En la adolescencia solíamos decir que la mejor temporada del año era justamente el invierno bajo cero. No nos atemorizaba el temporal, al contrario, nos empujaba en la búsqueda de experiencias que debíamos elaborar por la propia mano. Dibujar en la textura de la nada.
Puerto Natales se nutría de la vida campera, los trabajadores de la mina, los pescadores y los lugares “para tomar”. Levantar una copa para los parroquianos significaba abrir la puerta de una nueva dimensión donde el alma se calentaba a fuego lento.
De los gobiernos teníamos pocas noticias y nosotros tampoco parecíamos necesitar demasiado. La humildad nos acunaba.
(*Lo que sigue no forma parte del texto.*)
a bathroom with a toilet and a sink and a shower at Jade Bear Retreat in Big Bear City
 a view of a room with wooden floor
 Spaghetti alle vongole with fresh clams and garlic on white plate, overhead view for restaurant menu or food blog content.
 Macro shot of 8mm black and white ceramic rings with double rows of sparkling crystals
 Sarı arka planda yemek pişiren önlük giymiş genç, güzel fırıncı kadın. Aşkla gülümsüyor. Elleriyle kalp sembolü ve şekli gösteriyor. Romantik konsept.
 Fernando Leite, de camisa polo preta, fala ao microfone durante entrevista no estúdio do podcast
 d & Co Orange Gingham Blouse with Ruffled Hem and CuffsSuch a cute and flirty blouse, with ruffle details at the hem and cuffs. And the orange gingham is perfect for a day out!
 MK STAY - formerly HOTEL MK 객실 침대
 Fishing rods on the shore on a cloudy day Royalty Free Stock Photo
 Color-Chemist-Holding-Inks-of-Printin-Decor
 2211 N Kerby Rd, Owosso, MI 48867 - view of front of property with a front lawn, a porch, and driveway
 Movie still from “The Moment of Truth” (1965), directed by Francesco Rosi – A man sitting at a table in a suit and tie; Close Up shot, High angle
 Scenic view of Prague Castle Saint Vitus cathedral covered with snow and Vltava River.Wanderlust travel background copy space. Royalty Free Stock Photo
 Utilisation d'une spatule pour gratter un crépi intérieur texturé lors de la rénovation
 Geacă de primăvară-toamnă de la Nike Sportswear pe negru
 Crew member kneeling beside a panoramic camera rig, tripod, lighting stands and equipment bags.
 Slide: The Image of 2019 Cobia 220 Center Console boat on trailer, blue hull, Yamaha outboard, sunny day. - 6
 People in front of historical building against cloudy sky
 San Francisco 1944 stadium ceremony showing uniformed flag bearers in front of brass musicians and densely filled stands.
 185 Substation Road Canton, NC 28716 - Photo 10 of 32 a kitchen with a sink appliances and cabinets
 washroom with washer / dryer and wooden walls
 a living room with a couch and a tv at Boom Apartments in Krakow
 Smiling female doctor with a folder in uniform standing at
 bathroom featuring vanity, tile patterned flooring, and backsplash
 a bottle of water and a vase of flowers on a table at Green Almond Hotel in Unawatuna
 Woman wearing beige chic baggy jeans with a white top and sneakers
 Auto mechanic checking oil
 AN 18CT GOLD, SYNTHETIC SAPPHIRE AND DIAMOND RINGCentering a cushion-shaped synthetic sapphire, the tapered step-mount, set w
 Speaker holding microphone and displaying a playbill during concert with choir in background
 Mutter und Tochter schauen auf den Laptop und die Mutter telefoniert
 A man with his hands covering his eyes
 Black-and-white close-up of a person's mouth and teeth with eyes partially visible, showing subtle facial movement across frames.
Pero los inviernos. Las guerras de bolas de nieve, los muñecos y sus palos por nariz, las caídas, el aire fresco atravesando los pulmones. En aquel breve momento en que nos convertíamos en una fantasía éramos inocentes de casi todo. Niños. El tiempo fluía sin enterarnos. Como el frío que atravesaba la ropa, que escarchaba el pelo en las mañanas en que íbamos al liceo, que congelaba las manos que se escondían en los bolsillos.
Nuestros inviernos no eran sinónimo de deporte, ni de chaquetas caras. El invierno se traducía en juego, en el desafío de la escarcha, en cielo azules que se expandían infinitos.